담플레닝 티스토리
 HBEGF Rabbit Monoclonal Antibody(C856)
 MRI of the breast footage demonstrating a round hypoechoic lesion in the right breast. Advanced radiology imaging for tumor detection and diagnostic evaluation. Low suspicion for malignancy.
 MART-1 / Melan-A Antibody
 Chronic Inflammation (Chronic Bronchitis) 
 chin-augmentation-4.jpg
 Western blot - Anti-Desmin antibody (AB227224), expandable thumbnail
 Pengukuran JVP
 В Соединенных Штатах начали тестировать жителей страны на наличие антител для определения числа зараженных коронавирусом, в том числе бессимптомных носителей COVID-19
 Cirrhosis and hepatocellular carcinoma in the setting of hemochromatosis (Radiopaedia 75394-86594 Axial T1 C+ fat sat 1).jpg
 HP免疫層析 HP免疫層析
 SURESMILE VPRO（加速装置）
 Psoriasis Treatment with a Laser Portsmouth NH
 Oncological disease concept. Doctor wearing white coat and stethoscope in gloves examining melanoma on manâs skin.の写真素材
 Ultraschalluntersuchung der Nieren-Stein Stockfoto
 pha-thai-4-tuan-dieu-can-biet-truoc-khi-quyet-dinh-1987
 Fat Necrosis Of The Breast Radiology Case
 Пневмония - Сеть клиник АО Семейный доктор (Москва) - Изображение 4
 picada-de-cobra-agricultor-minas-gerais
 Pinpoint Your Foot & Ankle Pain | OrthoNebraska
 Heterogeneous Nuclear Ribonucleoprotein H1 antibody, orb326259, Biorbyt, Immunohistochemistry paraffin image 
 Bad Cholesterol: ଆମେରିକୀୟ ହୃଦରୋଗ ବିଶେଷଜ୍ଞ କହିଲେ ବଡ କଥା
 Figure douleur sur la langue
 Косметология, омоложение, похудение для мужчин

--------------------

The answer must be every record above, repeated exactly as written.

담플레닝 티스토리
 HBEGF Rabbit Monoclonal Antibody(C856)
 MRI of the breast footage demonstrating a round hypoechoic lesion in the right breast. Advanced radiology imaging for tumor detection and diagnostic evaluation. Low suspicion for malignancy.
 MART-1 / Melan-A Antibody
 Chronic Inflammation (Chronic Bronchitis) 
 chin-augmentation-4.jpg
 Western blot - Anti-Desmin antibody (AB227224), expandable thumbnail
 Pengukuran JVP
 В Соединенных Штатах начали тестировать жителей страны на наличие антител для определения числа зараженных коронавирусом, в том числе бессимптомных носителей COVID-19
 Cirrhosis and hepatocellular carcinoma in the setting of hemochromatosis (Radiopaedia 75394-86594 Axial T1 C+ fat sat 1).jpg
 HP免疫層析 HP免疫層析
 SURESMILE VPRO（加速装置）
 Psoriasis Treatment with a Laser Portsmouth NH
 Oncological disease concept. Doctor wearing white coat and stethoscope in gloves examining melanoma on manâs skin.の写真素材
 Ultraschalluntersuchung der Nieren-Stein Stockfoto
 pha-thai-4-tuan-dieu-can-biet-truoc-khi-quyet-dinh-1987
 Fat Necrosis Of The Breast Radiology Case
 Пневмония - Сеть клиник АО Семейный доктор (Москва) - Изображение 4
 picada-de-cobra-agricultor-minas-gerais
 Pinpoint Your Foot & Ankle Pain | OrthoNebraska
 Heterogeneous Nuclear Ribonucleoprotein H1 antibody, orb326259, Biorbyt, Immunohistochemistry paraffin image 
 Bad Cholesterol: ଆମେରିକୀୟ ହୃଦରୋଗ ବିଶେଷଜ୍ଞ କହିଲେ ବଡ କଥା
 Figure douleur sur la langue
 Косметология, омоложение, похудение для мужчин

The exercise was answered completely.